The unit gave up 398 yards - including 207 on the ground - to the Seattle Seahawks in the NFL kickoff game, then helped put the Packers in an 18-point hole in Sunday's 31-24 come-from-behind victory over the New York Jets at Lambeau Field by surrendering touchdowns on the first three series.
But after allowing 180 yards and 21 points on those first three drives, the Packers defense gave up only 132 yards and three points on the Jets' remaining nine possessions, allowing quarterback Aaron Rodgers and the offense to chip away at the deficit and deliver the team's biggest comeback with Rodgers at quarterback. Rodgers took over as the team's starter in 2008 from Brett Favre, who never had a comeback victory like Sunday's during his 16 years as the Packers' starting quarterback.

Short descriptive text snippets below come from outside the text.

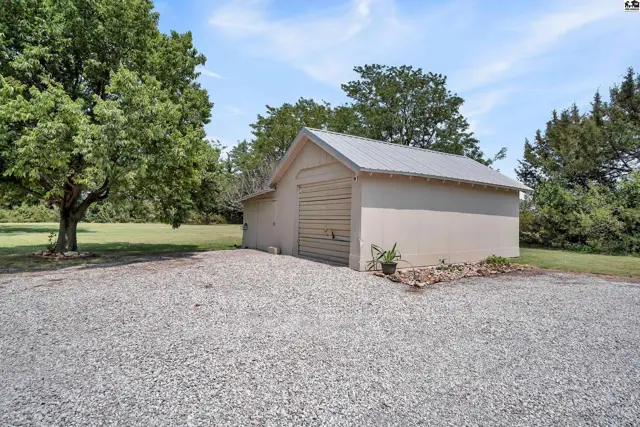 This detached garage features a metal roof and a roll-up door.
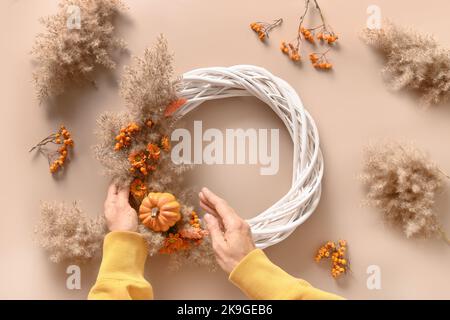 Femme en train de faire une couronne avec des fleurs orange et des matériaux naturels secs sur fond beige. Vue de dessus. Atelier pour la décoration artisanale de Thanksgiving. Banque D'Images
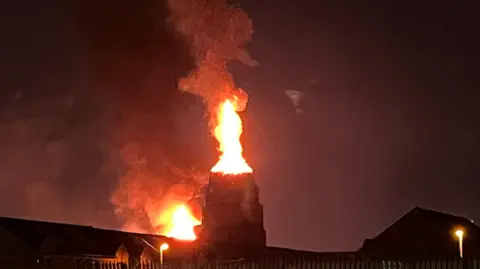 BBC Flames are coming out of a tower, silhouetted against a dark sky. You can see some rooftops and street lights.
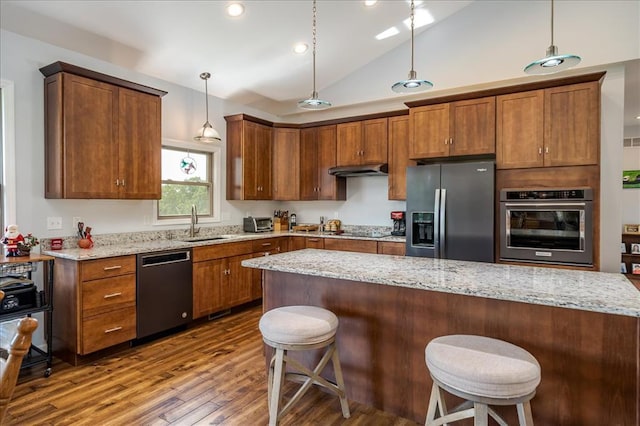 kitchen with stainless steel fridge, wall oven, dishwasher, dark wood-type flooring, and black electric stovetop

But the comeback Sunday was set up by the defense, which tackled better than it had against the Seahawks and got its first takeaway of the season, a tide-turning interception from veteran cornerback Tramon Williams late in the first half. The Jets' final nine possessions ended in five punts, Williams' interception, one field goal, the first-half gun and a fourth-down failure that allowed the Packers to close out the game in the victory formation.
"After the first three series I thought it was one of our better defensive games," said Capers, whom McCarthy hired in 2009. "I think there were some very positive things from this game we can take and build on. Obviously, our goal is to be able to start the way we finished the game. To be able to get to where we want to go, we have to be able to play a whole game like that. That will be the challenge."
In fact, McCarthy didn't even think his defense played that poorly early on, as the Jets' first touchdown came after Rodgers and center Corey Linsley botched the exchange on the first snap of the game and the Jets recovered at the Green Bay 16-yard line. The defense even had the Jets facing third-and-11 after the turnover but allowed quarterback Geno Smith to pick up the first down with a 13-yard completion.
"If you look at the first couple of series, we had some plays we definitely won on," said McCarthy, whose team now faces a three-game stretch against NFC North opponents, starting with a game at Detroit next Sunday. "I just thought our defense, we didn't probably start as fast as you like, but I thought as the game went on they got stronger. I think you have to give the Jets credit for the plays they made early, and our guys stayed after it. I felt from the second quarter on, they were in control of the game."
The Packers certainly controlled two things they struggled with against the Seahawks. After missing an alarming 18 tackles against the Seahawks, the Packers were charged with only three tackles by unofficial count on Sunday.
"We made a tremendous improvement. We cut it by more than 50 percent," Capers said of the missed tackles. "I think we're heading in the right direction there. I thought the mental aspect of the game in terms of mental errors and missed tackles, we were improved."
And, after allowing the Seahawks to run for 207 yards - and after the Jets ran for 212 yards in their season-opening victory over Oakland - the Packers held Jets running backs Chris Ivory and Chris Johnson to a combined 25 carries for 64 yards (2.6-yard average). The Jets finished with 37 carries for 146 yards (3.9-yard average) but that number included a 39-yard gain on a read-option play that set up the Jets' second touchdown.
"Coming out of the Seattle game, we talked a lot about how we had to improve stopping the run," Capers said. "When you look at the statistics with Ivory and Johnson, they're really what you want collectively."